Los cristianos hacemos fiestas para recordar cada año verdades que son fundamentales a nuestra fe. El recordar hace que la memoria valore lo que es verdaderamente importante. De esta manera, la fiesta es un instrumento para que la vida no pierda su sentido más profundo.

Esta semana celebramos dos fiestas que nos hablan de nuestro destino, de lo corto que es el paso por este mundo, pero, a la vez, de la trascendencia de nuestra existencia. Los cristianos sabemos quienes somos porque sabemos hacia dónde vamos. Hemos salido del amor eterno de Dios y nuestro destino es compartir con el la eternidad. La muerte no es el fin, sólo es pasar la puerta hacia lo verdadero, lo que perdura, lo pleno.

Celebrar a todos los santos es, para nosotros, hacer patente la certeza de que estamos llamados a la eternidad. Es recordar que otros, antes que nosotros, pasaron por este “valle de lágrimas”. Es recordar que no es indiferente la manera como se vive cuando se da el paso hacia la eternidad. Los santos nos hablan de la seriedad de la vida y el amor de un Dios que se toma en serio nuestra libertad.

Celebrar a los difuntos es recordar que, quien no fue totalmente honrado, honesto, solidario, veraz… en esta vida, por el misterio de la misericordia de Dios y la intercesión de la Iglesia, todavía puede tener la oportunidad de purgar sus culpas antes de entrar a la plenitud de la vida.

Estas fiestas nos recuerdan el dramatismo de la muerte. Pero la miramos con la esperanza propia de los cristianos. Por eso la celebramos.

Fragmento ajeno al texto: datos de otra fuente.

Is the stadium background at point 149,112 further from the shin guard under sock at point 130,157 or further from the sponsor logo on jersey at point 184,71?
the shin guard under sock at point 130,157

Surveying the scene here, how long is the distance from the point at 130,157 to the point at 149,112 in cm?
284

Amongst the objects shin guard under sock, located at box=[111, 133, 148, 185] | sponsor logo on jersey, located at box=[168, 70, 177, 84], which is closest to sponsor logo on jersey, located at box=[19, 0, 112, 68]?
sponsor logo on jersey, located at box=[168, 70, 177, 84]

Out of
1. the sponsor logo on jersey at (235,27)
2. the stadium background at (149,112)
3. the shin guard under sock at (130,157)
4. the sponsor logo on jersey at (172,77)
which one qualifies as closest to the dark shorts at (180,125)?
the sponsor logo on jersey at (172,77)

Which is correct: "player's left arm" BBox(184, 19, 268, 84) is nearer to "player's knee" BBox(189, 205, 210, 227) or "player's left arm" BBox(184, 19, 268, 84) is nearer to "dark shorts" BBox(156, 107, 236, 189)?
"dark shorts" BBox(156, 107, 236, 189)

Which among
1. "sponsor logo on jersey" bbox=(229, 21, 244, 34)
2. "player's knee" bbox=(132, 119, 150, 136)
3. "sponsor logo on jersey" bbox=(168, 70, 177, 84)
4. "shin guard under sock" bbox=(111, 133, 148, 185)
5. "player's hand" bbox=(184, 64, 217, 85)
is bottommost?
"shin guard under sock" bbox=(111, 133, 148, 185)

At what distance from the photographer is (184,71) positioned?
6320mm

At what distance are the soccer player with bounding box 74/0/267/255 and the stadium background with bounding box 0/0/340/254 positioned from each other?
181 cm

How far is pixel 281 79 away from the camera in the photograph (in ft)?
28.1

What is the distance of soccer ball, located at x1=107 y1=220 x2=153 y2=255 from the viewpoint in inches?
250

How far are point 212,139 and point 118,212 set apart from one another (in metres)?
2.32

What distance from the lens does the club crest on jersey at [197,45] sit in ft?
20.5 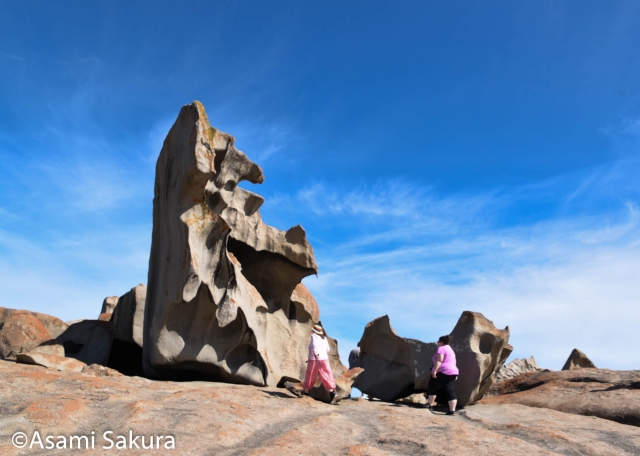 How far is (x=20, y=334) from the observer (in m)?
13.3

Nuestra cultura, que cada vez más pierde su matriz católica, busca fiestas que le den sentido al cotidiano vivir. Dentro de estos varios inventos se encuentra algo que, lentamente, va entrando entre nosotros. Es la fiesta del Halloween, o el día de las brujas. Máscaras, golosinas y bailes disfrazan algo que en su comienzo fue pagano, con una pizca de satánico. Pero esto no es nada. El disfraz más grande que se pone, es el disimular la presencia dramática de la muerte en nuestra vida. Ya la sacamos de nuestras casas al construirnos salas de velatorios. Ya disimulamos su presencia constante, al tapialar los cementerios que quedaron dentro de las ciudades, o parquizarlos para que su visita sólo nos produzca paz. Ahora, de la mano de los genios marketineros que desean llenar sus arcas con nuestras ingenuidades, estamos camino a dejar de rememorar la muerte que nos da vida eterna. Con el tiempo, seguramente pasará con estas fechas lo mismo que en navidad, donde entre pan dulce, sidra y Papá Noel nadie recuerda que es la fiesta del Hijo de Dios que se hace hombre, Jesús de Nazareth.

Honrar la vida es honrar a nuestros muertos. Celebrar la muerte es para sabernos herederos de la vida eterna.